SCHOTT AG Site Mitterteich (formerly SCHOTT-Rohrglas GmbH) in Mitterteich, Germany is one of the leading manufacturers of glass tubing. With more than 1000 employees, it is one of the largest employers in the  Tirschenreuth district as well as in the whole Northern Upper Palatine. The Mitterteich site is the largest location of the Business Segment Tubing of Schott AG. Other locations are in Mainz, Germany, Rio de Janeiro, Brazil, and Vadodara, India.

Company history
The history of glass production in Mitterteich dates back to 1883. In 1930 the glass factory in Mitterteich was affiliated to the Grünenplan factory of SCHOTT AG. In 1885 Otto Schott invented the chemically resistant borosilicate glass which was also produced in tubing form.

In 1911: a tubing glass was developed which was especially well suited for the production of ampoules. The glass was registered in 1911 under the trade name FIOLAX and is still today one of  SCHOTT AG most important products. After the Second World War, from 1947 to 1948 production of  FIOLAX glass tubing began in Mitterteich.

In 1961: SCHOTT decided to extend and modernize Mitterteich as the location for glass tubing production.

In 1969: representatives of what is now Schott Glaswerke and the Glaswerke Ruhr AG agreed upon the foundation of Schott-Ruhrglas GmbH. 
The administration and sales departments of Schott-Ruhrglas were transferred to Bayreuth in 1972 which at that time was the official seat of the company.

In 1990: the company was renamed SCHOTT-Rohrglas.

In 2001: a new administrative building was put into operation in Mitterteich and the locations Bayreuth and Mitterteich were merged in Mitterteich.

Products
The company produces glass tubing, rods and profiles from approx. sixty special glass types.
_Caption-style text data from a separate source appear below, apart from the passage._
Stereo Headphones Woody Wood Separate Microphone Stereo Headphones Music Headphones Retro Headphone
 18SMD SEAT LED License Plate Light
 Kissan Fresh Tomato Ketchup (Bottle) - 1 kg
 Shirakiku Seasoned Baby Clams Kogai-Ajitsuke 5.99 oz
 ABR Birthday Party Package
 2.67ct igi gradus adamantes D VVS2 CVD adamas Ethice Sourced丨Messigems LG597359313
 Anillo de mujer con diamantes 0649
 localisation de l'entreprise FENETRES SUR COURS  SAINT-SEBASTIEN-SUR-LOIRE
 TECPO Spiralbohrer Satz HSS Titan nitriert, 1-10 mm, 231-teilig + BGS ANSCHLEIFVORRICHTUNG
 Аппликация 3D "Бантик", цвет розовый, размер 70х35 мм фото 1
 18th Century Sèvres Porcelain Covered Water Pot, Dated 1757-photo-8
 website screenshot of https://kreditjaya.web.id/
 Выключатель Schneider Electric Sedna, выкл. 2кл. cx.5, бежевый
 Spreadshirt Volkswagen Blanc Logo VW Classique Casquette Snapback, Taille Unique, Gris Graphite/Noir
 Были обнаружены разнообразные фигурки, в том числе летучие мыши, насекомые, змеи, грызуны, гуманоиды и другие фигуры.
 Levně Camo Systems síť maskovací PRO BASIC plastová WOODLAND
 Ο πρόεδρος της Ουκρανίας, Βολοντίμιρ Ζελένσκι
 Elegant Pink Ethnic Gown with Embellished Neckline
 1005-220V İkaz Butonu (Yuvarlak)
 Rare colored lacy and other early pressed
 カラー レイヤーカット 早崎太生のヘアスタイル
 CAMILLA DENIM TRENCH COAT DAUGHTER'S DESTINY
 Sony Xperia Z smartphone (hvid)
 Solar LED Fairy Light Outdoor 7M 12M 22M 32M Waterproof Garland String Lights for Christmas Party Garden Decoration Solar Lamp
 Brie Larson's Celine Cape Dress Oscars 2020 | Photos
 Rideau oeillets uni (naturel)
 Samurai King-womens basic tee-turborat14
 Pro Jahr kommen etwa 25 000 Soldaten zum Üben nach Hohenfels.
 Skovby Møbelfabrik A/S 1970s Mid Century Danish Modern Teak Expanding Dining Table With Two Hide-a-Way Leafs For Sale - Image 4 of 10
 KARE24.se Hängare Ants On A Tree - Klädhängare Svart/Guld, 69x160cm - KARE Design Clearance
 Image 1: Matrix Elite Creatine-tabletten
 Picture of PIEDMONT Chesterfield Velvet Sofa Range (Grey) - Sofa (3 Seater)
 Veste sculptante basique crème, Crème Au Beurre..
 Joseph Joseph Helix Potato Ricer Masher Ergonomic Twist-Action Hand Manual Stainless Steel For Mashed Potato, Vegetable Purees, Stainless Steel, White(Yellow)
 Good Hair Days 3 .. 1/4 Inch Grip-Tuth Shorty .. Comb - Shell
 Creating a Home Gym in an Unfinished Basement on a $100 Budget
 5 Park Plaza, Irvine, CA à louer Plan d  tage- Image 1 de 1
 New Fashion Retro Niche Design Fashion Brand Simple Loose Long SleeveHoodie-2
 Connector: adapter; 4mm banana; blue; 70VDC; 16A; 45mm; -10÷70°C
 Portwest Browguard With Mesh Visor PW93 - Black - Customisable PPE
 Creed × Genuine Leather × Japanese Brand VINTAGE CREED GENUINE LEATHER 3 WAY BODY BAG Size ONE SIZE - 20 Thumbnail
The tubing is produced in outside diameters of 0.8 mm to 460 mm in lengths of 0.3 mm to 10 meters.
In addition to the classical product ranges, technical tubing (e.g. DURAN) and pharmaceutical tubing (e.g. FIOLAX), backlight glasses and tubing for solar heat (receiver tubes for solar power stations) as well as algae production in tubular photobioreactors are becoming increasingly important.
The glass tubing is processed for a variety of applications, for example in pharmaceutics, chemistry, lighting (e.g. halogen lamps, UV lamps), environmental technology or microelectronics.
With an annual capacity of 65.000 tons, SCHOTT-Rohrglas GmbH is the biggest location of the Business Segment Tubing in the SCHOTT Group.